Fake Purchase Orders Distribute Fileless PureLogs Malware via RAR Archives
PureLogs Malware Spreads via Evasive Campaign
FortiGuard Labs has uncovered a sophisticated cyberattack campaign targeting Windows users.
The Attack Begins with Phishing Emails
The attackers use fake purchase order emails to trick victims into deploying the fileless PureLogs malware.
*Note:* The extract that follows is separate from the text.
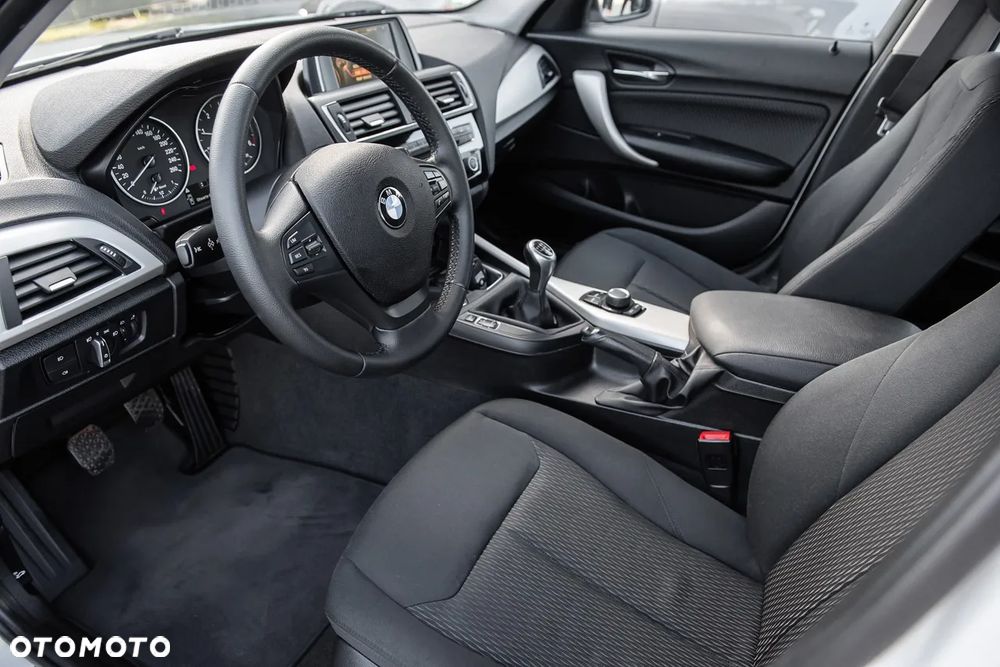 BMW Seria 1 118d Edition Metropolitan - 15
Malware Steals Sensitive Data
This malware steals sensitive data, including browser credentials, cryptocurrency wallets, and Discord authentication tokens.
The Attack Process
The attack begins with a phishing email containing a malicious archive named “PO 2026-P0803.rar.” When opened, the archive executes a hidden script called “kpankocrs.js,” which drops a randomly named PowerShell file into the “C:\Temp” folder.
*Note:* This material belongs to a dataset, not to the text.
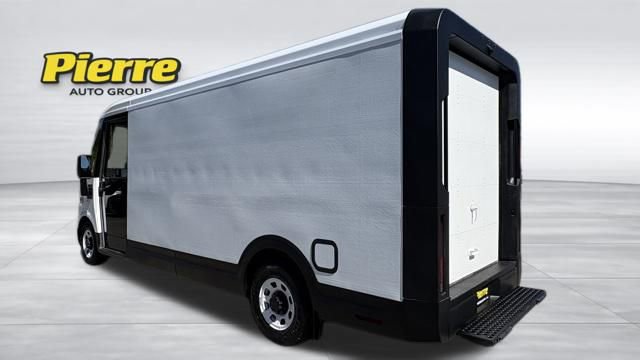 Used 2024 Chevrolet Brightdrop 600 w/ Commercial Equipment Package image 2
According to FortiGuard Labs, the script uses the Windows script engine to bypass system restrictions and execute PowerShell.exe.
Malware Employes Process Hollowing
The malware employs process hollowing to evade detection. It hijacks a legitimate Windows process, replacing its safe code with malicious code.
Malware Steals Browser Credentials and Cryptocurrency Wallets
The malware steals saved login credentials, history, and cookies from various browsers, including Chrome, Firefox, Brave, Vivaldi, and Microsoft Edge.
Malware Targets Discord Authentication Tokens
The malware also targets cryptocurrency wallet files, private keys, and transaction histories from popular wallets, and Discord authentication tokens and account passwords from various apps.
Final Job of the Malware
The malware bundles the stolen data with a desktop JPEG screenshot, system information, clipboard data, and the username. The malware then serializes the data packet, compresses it with GZip, and encrypts it using an AES key.
Takedown by FortiMail Security Filters
Fortunately, FortiMail security filters caught the phishing emails and prevented the malicious files from reaching users’ inboxes.
Mitigation Strategies
To mitigate risks against this evasive campaign, organizations should enforce strict filtering, disable unnecessary script execution, and actively monitor for anomalous PowerShell activity and process hollowing.
Expert Insights
Several cybersecurity experts shared their insights on the multi-layered nature of this campaign and the challenges it poses to modern defense strategies.
Jason Soroko, Senior Fellow at Sectigo
Successful use of process hollowing to inject a .NET executable.
Kern Smith, Senior Vice President of Global Solutions Engineering at Zimperium
Importance of looking beyond traditional endpoint visibility and ensuring that security teams can identify suspicious activity early.
Maxime Cartier, Vice President of Human Risk at Hoxhunt
Fixing these gaps requires changing how security risks are handled internally. Addressing the human element is crucial in preventing these types of attacks.